His methods were the old-fashioned ones of writing letters, raising money, commenting on environmental studies and attending public hearings. He was widely respected for the authority and persistence he brought to lobbying public officials, always softly, with a courtly Georgia accent.With the help of the Sierra Club, local conservationists, and his own tireless lobbying of state legislators, [Wayburn] won approval of acquisitions that gradually but substantially expanded Mount Tamalpais State Park, from 870 acres in 1948 to 6,300 acres by 1972, wrote the San Francisco Chronicle in its front page story on Dr. Wayburn’s passing.Dr. Wayburn helped transform the Sierra Club from the 3,000-member outing and skiing club he joined in 1939 into a powerful force in environmentalism today with 730,000 members. He served five one-year terms as president of the club in the 1960s and for many years was honorary president.

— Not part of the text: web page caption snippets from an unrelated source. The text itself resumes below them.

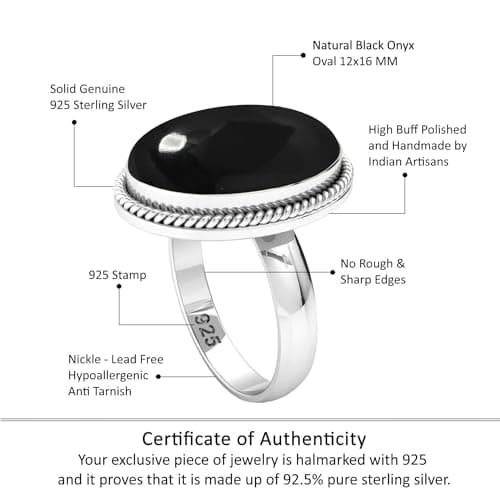 JEWELOPORIUM Black Onyx Silver Ring Size 7, 925 Sterling Silver Ring for Women, Genuine Chunky Oval Gemstone Handmade Jewelry — view 3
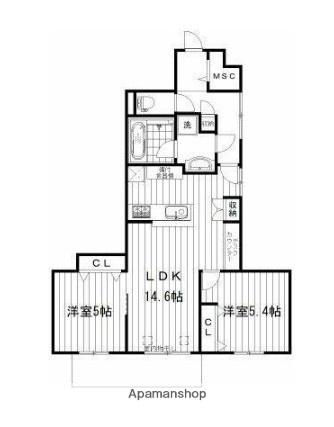 LE LIEN(2LDK/2階)の間取り写真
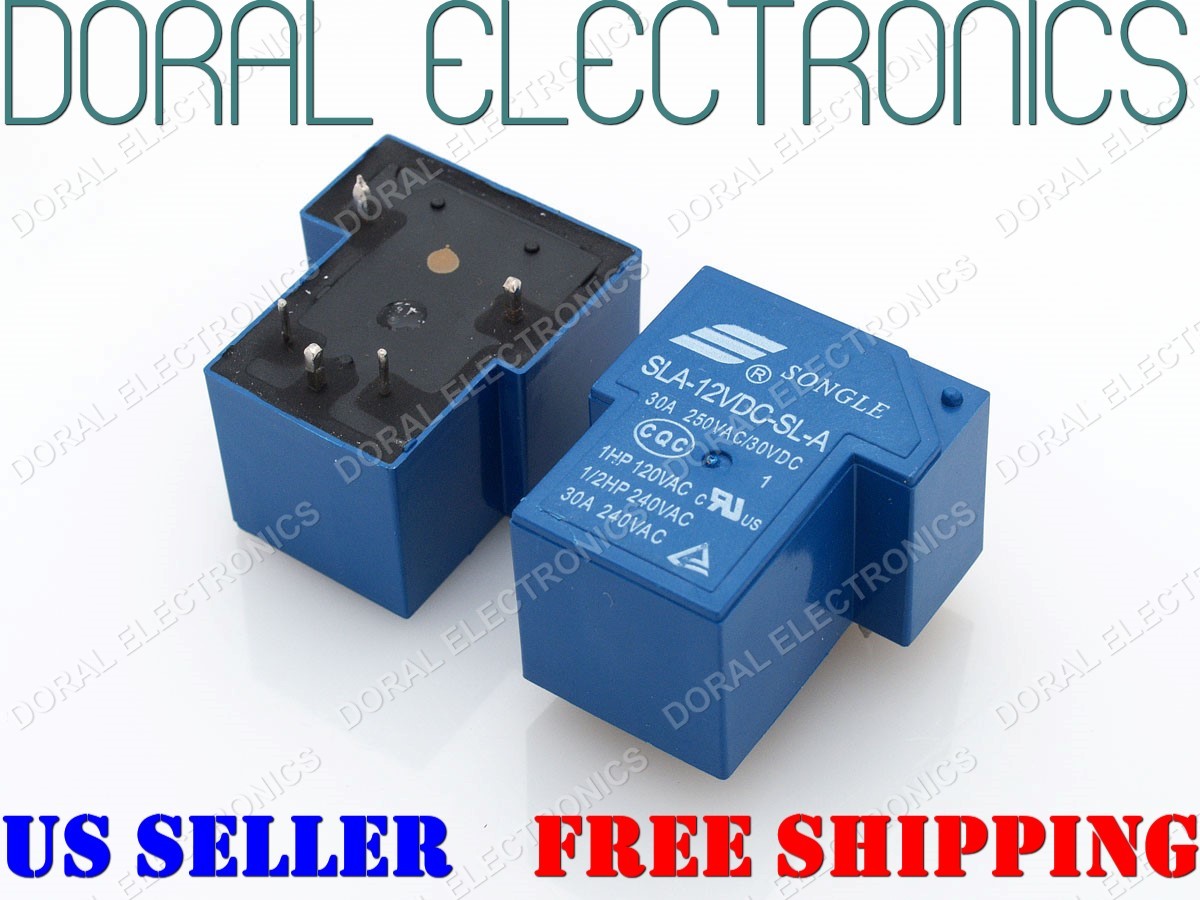 1 PC SLA-12VDC-SL-A Songle Relay 12VDC 30A 250VAC 30VDC 5 Pin 12V DC 12 Volt V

“Legislators know that if Dr. Wayburn comes into your office, what might have been inconceivable at the beginning of the conversation is inevitable by the end of it,” Representative Nancy Pelosi, now the speaker of the House, told Sierra magazine in 1999. -- The New York Times

Other achievements included the Point Reyes National Seashore, the nation's first major metropolitan-area national park, and the Bay Area's environmental crown jewel, the Golden Gate National Recreation Area, which encompasses 200,000 acres and nearly 60 miles of shoreline from Point Reyes to the Peninsula….
"He didn't raise his voice, but he was extremely persuasive, and he didn't back down," said the Sierra Club's deputy executive director, Bruce Hamilton. - The San Francisco Chronicle
A host of major news outlets have written very moving tributes to Dr. Wayburn’s life and work. You can read more below.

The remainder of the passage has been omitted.